(Items listed in a dataset)
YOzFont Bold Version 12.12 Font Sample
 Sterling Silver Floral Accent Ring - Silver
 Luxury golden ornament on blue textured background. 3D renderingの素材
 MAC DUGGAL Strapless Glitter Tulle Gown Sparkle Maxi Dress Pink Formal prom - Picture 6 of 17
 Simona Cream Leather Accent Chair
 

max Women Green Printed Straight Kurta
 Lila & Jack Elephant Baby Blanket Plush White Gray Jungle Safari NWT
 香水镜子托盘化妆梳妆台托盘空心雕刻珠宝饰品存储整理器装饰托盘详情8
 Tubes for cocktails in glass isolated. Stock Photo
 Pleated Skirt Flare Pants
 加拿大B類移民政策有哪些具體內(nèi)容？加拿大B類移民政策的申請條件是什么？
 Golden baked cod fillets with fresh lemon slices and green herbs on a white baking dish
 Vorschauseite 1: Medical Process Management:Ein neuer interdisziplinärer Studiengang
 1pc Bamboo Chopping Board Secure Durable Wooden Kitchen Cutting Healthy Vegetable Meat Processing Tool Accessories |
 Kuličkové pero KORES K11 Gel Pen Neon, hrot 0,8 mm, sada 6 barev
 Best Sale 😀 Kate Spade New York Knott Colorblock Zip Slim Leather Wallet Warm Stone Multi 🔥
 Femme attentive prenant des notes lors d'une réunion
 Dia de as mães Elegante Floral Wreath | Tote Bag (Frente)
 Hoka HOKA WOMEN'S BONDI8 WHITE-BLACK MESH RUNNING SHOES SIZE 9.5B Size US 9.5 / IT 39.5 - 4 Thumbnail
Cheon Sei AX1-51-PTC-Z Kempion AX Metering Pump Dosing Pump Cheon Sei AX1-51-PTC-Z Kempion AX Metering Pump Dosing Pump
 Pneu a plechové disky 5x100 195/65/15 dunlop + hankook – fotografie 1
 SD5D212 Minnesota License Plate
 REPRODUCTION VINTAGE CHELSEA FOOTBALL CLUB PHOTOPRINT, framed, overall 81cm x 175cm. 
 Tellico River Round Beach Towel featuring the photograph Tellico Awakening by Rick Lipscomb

WORK ITEM: With the line that contains "Lila & Jack" as your start, reproduce the data above exactly through its last line, and nothing before that start.

EXERCISE RESULT:
 Lila & Jack Elephant Baby Blanket Plush White Gray Jungle Safari NWT
 香水镜子托盘化妆梳妆台托盘空心雕刻珠宝饰品存储整理器装饰托盘详情8
 Tubes for cocktails in glass isolated. Stock Photo
 Pleated Skirt Flare Pants
 加拿大B類移民政策有哪些具體內(nèi)容？加拿大B類移民政策的申請條件是什么？
 Golden baked cod fillets with fresh lemon slices and green herbs on a white baking dish
 Vorschauseite 1: Medical Process Management:Ein neuer interdisziplinärer Studiengang
 1pc Bamboo Chopping Board Secure Durable Wooden Kitchen Cutting Healthy Vegetable Meat Processing Tool Accessories |
 Kuličkové pero KORES K11 Gel Pen Neon, hrot 0,8 mm, sada 6 barev
 Best Sale 😀 Kate Spade New York Knott Colorblock Zip Slim Leather Wallet Warm Stone Multi 🔥
 Femme attentive prenant des notes lors d'une réunion
 Dia de as mães Elegante Floral Wreath | Tote Bag (Frente)
 Hoka HOKA WOMEN'S BONDI8 WHITE-BLACK MESH RUNNING SHOES SIZE 9.5B Size US 9.5 / IT 39.5 - 4 Thumbnail
Cheon Sei AX1-51-PTC-Z Kempion AX Metering Pump Dosing Pump Cheon Sei AX1-51-PTC-Z Kempion AX Metering Pump Dosing Pump
 Pneu a plechové disky 5x100 195/65/15 dunlop + hankook – fotografie 1
 SD5D212 Minnesota License Plate
 REPRODUCTION VINTAGE CHELSEA FOOTBALL CLUB PHOTOPRINT, framed, overall 81cm x 175cm. 
 Tellico River Round Beach Towel featuring the photograph Tellico Awakening by Rick Lipscomb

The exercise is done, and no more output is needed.